During times of crisis Americans rightfully expect their president to be many things including an Empathizer-in-Chief.
Given his presidency has been a complete failure when it comes to the economy, foreign policy, transparency, and job creation, one could only hope Obama would have tried a little harder to show us he can feel our pain. But, some things can’t be faked. Empathy is one of them.
Ask Charles Woods, the father of the slain Navy Seal hero Tyrone Woods, who was killed during the September 11, 2012 terrorist attacks in Benghazi, Libya.
Sure, Obama appeared to be empathetic when standing near the four flag-draped caskets at the highly publicized memorial service at Andrews Air Force Base, but behind-the-scenes – not so much. Mr. Woods went public to say Obama refused to make eye contact with him at the service and said Obama mumbled a “totally insincere, more of a whining type, ‘I’m sorry.”’
Woods said Obama’s handshake was “like shaking hands with a dead fish.”
Dead fish. Okay, I get the lack of eye contact, considering certain facts and emails continue to surface pointing toward a full-fledged cover-up, but, a “dead fish” handshake? Wow.

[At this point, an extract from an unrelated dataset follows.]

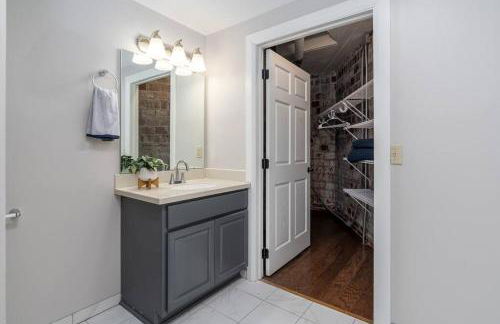 Unique and Charming Downtown Apt - Foto 23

According to an interview with Fox News last weekend, retired Intelligence Officer Lieutenant Colonel Tony Shaffer claims, according to his sources, President Obama was watching the attack go down, “in real time.” According to the Weekly Standard, Mr. Woods concurs alleging, “the White House situation room was watching our people die in real time.”
We now know the CIA was denied the help they needed, although assistance was not far away. Presumably under the direction of CIA director David Petraeus, the CIA put out a statement on October 26 clarifying that the CIA had nothing to do with the decision to deny help, hence bouncing the blame back in the lap of the one whom the buck is always supposed to stop (the president).
After being told to “stand down” twice, Tyrone (and five others) made the gutsy decision to disobey orders to rescue those in harm’s way. Tyrone’s father told Fox News, “For seven hours the cowards in the White House were watching something they knew that was going to potentially kill those 30 people and potentially kill my son…they had a moral duty to send support and they chose not to…”.
Hours later, President Obama hopped on his jet to entertain followers at a campaign rally in Las Vegas. He began his remarks speaking to the “tough day we had today…”. How nice it would have been if Tyrone Woods and three others could have lived to talk about theirs.
Lest you think President Obama’s bizarre handling of Benghazi is an anomaly, think again. Remember Fort Hood?
Just hours after the attack and while Americans were glued to their TVs in shock as death tolls and injury numbers rose — an obviously disconnected and fairly jovial Obama made his first public statement about the shootings.
Obama’s short statement sounding much like an afterthought about “a tragic shooting,” came after his two minute lighthearted “shout out” (his words) to an audience member and talk about the necessity for healthcare reform.
The obvious disconnect between what happened at Fort Hood and the words flowing from the president’s mouth was shocking. Jolting, even.
Providence, by way of Hurricane Sandy, has granted Obama one last chance to show us that he is not the heartless clod he comes across as during times of crisis. I was almost impressed to see him at FEMA headquarters Sunday – just up until he jetted off to Florida for a campaign rally Sunday night; he was “coming early to try to beat the storm” according to the Huffington Post. Sure, he returned to DC hours later, but isn’t that the least he could do after four years of campaigning?